# Task statement
The reply is a verbatim copy of the listing below with its images dropped.

# Supplied information
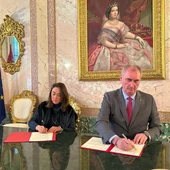 Ayuntamiento de Segovia y Junta de Castilla y León firman el convenio de cesión de las travesías Ayuntamiento de Segovia y Junta de Castilla y León firman el convenio de cesión de las travesías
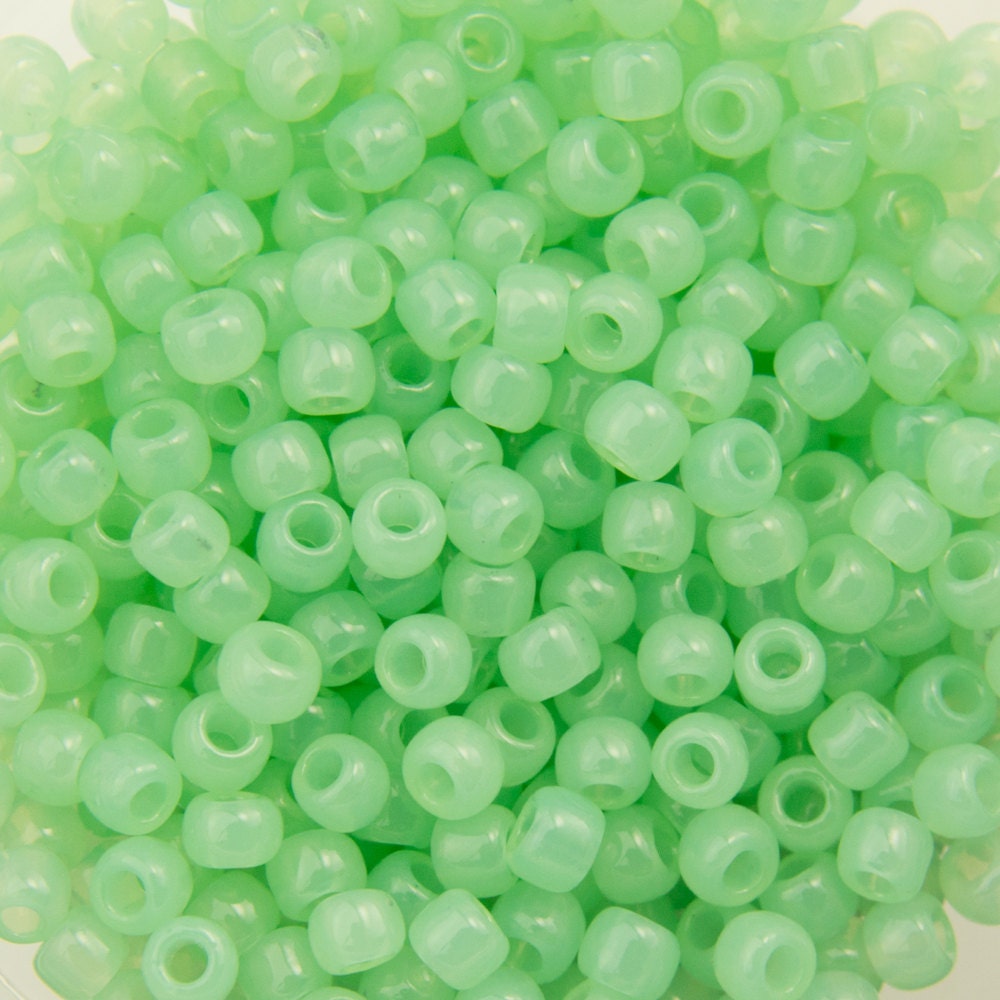 11/0 TOHO ROUND Milky Kiwi Seed Bead (8g)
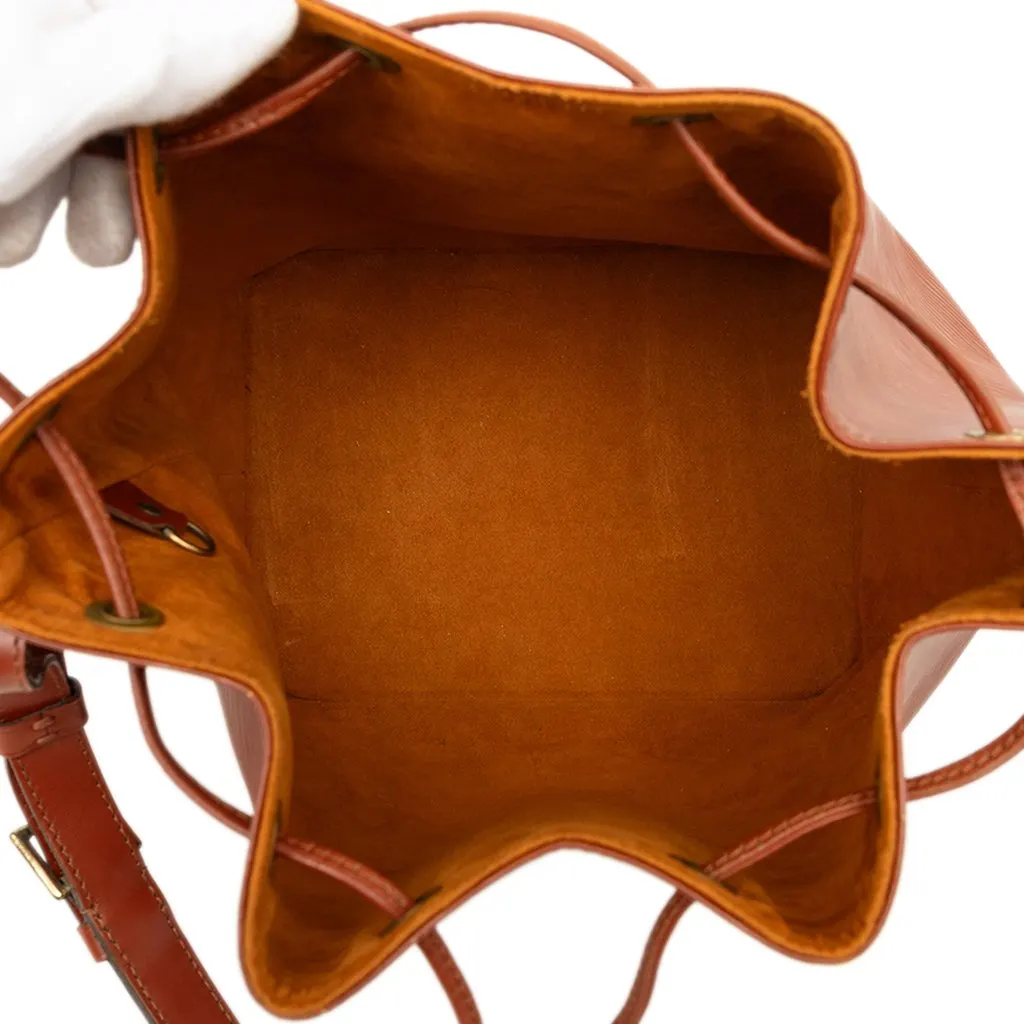 Louis Vuitton Epi Petit Noe Brown Leather Very good - Model View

# Response to the task
 Ayuntamiento de Segovia y Junta de Castilla y León firman el convenio de cesión de las travesías Ayuntamiento de Segovia y Junta de Castilla y León firman el convenio de cesión de las travesías
 11/0 TOHO ROUND Milky Kiwi Seed Bead (8g)
 Louis Vuitton Epi Petit Noe Brown Leather Very good - Model View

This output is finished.